District heating and why customer engagement is the key to success

Enfield Council’s energy company, energetik, recently welcomed its first customers.

The company’s first heat network is now supplying new homes at Arnos Grove. Three other heat networks are being developed in Enfield linked to large-scale regeneration, including estate redevelopments at Ponders End and Oakwood; and at the 10,000 home Meridian Water development. All these new homes will be supplied by energetik.

For those who don’t know about energetik, it’s one of the first London boroughs to establish a municipal energy company, to supply low-carbon heat and hot water through community heat networks, also known as district heating.
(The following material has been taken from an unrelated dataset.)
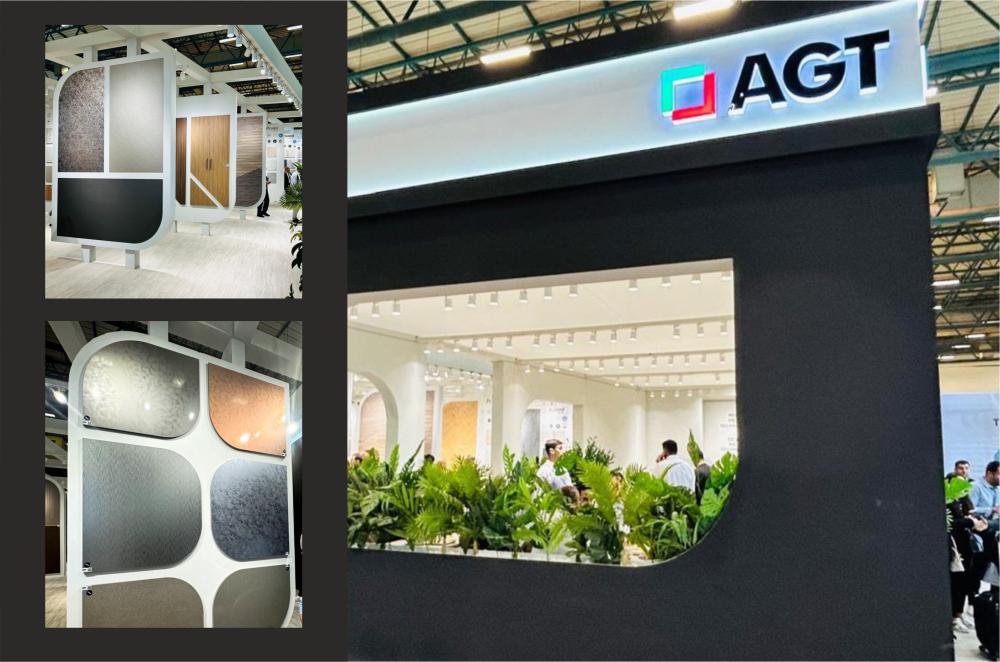 Международная выставка Intermob 2025 в Турции!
The company will supply over 15,000 homes and businesses in Enfield through a series of heat networks. Each network is designed to expand so more customers can connect over time and help energetik realise its vision to transform the local energy market and be the supplier to trust.

The first customers are social tenants who have moved from homes that were inefficient to heat and had poor controls. The new homes are very energy efficient, and the added level of control that customers will have through their smart meters should help with budgeting and understanding energy use.

Resident involvement

It’s an interesting time for the heat network industry, as it remains unregulated but is set to expand rapidly over the coming years. energetik has set itself apart from other energy companies and is focused on putting customers first and delivering excellent quality.
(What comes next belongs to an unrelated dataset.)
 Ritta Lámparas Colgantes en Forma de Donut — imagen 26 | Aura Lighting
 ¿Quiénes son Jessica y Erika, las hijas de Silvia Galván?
Unfortunately, there are a lot of examples out there of schemes that don’t live up to expectations. But the energetik heat networks are designed to a far higher standard than what’s usual in the UK market.

And the company hasn’t just concentrated on the technical design. At every stage, customers have been our its consideration to make sure their service is reliable: from installing multiple back-up systems in our energy centres; to increasing insulation on above-ground pipework to reduce heat losses; to extended testing and commissioning to make sure everything works as it should before residents move in.

It’s about taking the time to meet with customers face-to-face to help them understand the system, as community energy is new for most of them. None of this is rocket science but many of these aspects are often overlooked or rushed in private-sector schemes, and their customers end up suffering as a result.

To support customer engagement, energetik offers training to sales team and housing officers. It works closely with all parties from the development stage to make sure the design, build and installation will deliver a reliable service. This collaborative process not only simplifies the complexity of providing low cost, low carbon heat for the development partners; it also presents a significant learning opportunity for them in an evolving market.

Getting it right first time

The community heating industry needs to improve its reputation to ensure it can realise its potential to deliver a far larger proportion of the UK’s heat demand. The aim is to facilitate this at a local level, leading by example to demonstrate the benefits of community heat networks done the right way, first time.

The energetik team is also able to help UK local authorities and housing associations benefit from its efforts to set up a publicly owned local energy company and to make its community heat networks a success operationally, commercially and for customers.

That includes providing a suite of commercially robust strategic documents and legal agreements for purchase, to help significantly reduce development costs and the time needed to enter the heat supply market.

With Enfield Council behind it, energetik is providing a flexible and low carbon energy infrastructure that can continue to grow over decades. We want to protect our customers in a market that’s still unregulated, focusing on giving them great service that’s reliable and better value. The fact that we can do this whilst improving air quality and reducing carbon emissions is a win-win.